After this room, we were taken into a much smaller room, so small you had to crouch to make it through the door. This room had no beds, nothing. Just empty. Here was the room for Jewish men. They put 70 men in this tiny little room, and they woud be made to stand for 14 hours a day, facing the wall, not talking. The room had no toilet, the 70 men just had to use one corner of the room continually. At night they would have to sleep on top of one another, and many would die during the night, meaning on many days you would wake up and have a dead body on top of you or below you.The basically stood there all day waiting to die. Standing there as seh was telling this, youcould just feel this overwhelming presence, I don't know how else to describe it. Here I was my feet exactly where they had stood.
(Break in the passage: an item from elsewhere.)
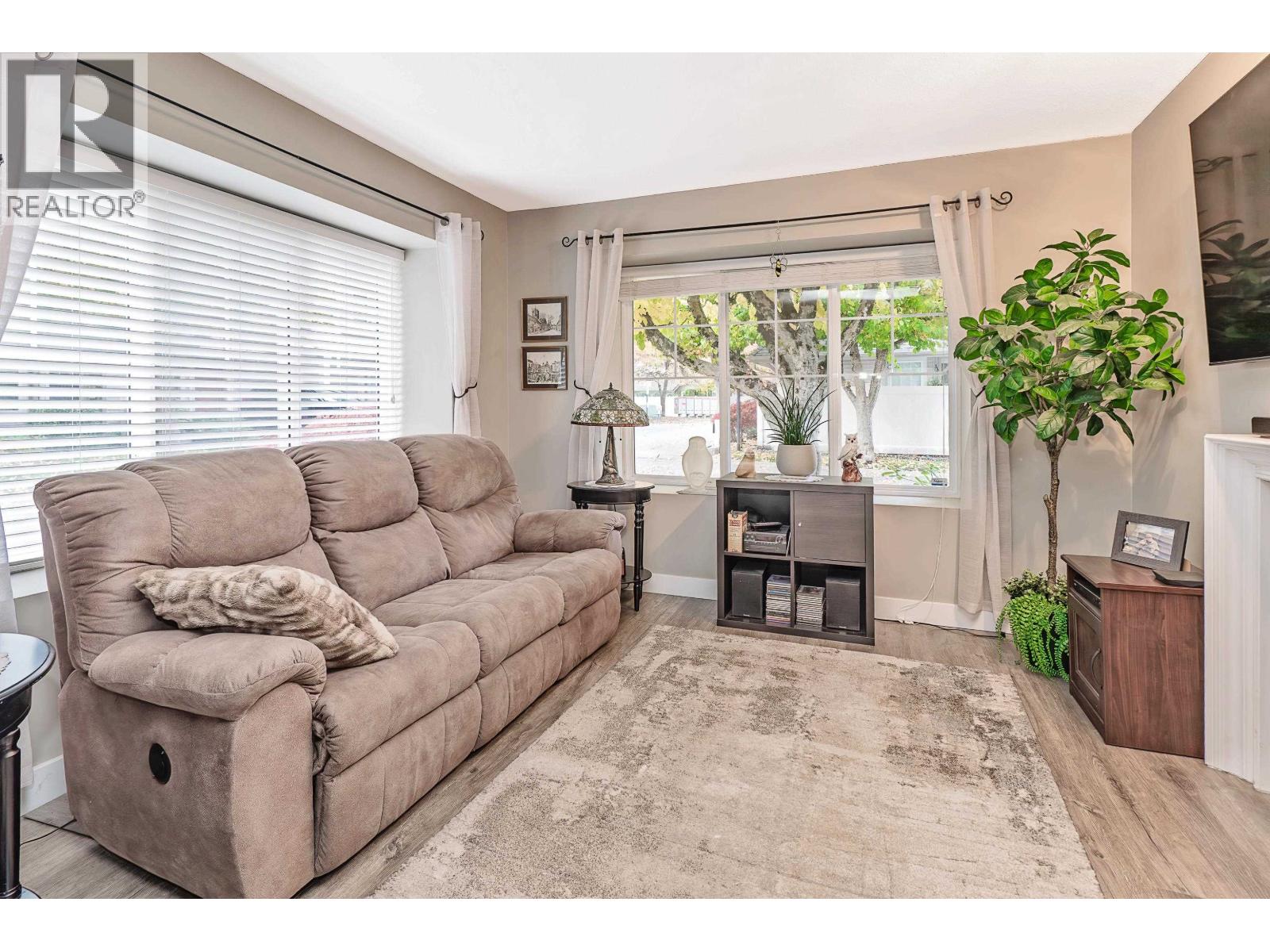 60 23085 118 Avenue, Maple Ridge, British Columbia V2X 3J7 - Photo 3 - R3064297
Next we walked through solitary confinement. It was just terrible. These were literally death rooms. You just waited to die. No one lasted more than four years. These rooms were generally for the 'elite' high profile priosners of sorts that they wanted to humiliate and kill.
After that iw was on to a room where the deloused everyone and everyone showered. Even though these were not gas chambers, she explained how they worked and how the poeple woud die. Tears were streaming down my face uncontrollably the whole time.
The next place was an underground tunnel network the nazi's used to escape. It was a terrible suffocating feeling being in these tunnels. I just wanted to get out to the other side. Once I did, I wanted to just go and run back through the tunnel and out of that place. We were now standing at a firing range, where the nazis would stand on cement crosses and shoot people. There was also a gallow which was just horrific.
Following this we went and watched a movie about the camp. it included a propaganda movie from when he shipped 50000 of the 60000 people off to be killed at auswitz and kept ten thousand to 'star' in a movie designed to make the camp look like a happy little village made for the jews. In between clips from this they shoiwed paintings from the surviviors and rattled off deployments of people " AC 1000 people 3 survivors, AQ 1000 people no survivors" etc. 15000 children were held in terezin. 263 survived.
I don't want to write any more because its upsetting me a lot. I just don't understand how people could be so inhumane. It was difficult experience, but very thought provoking too.
I think that's all for now!
Love you all very much! Loving life!!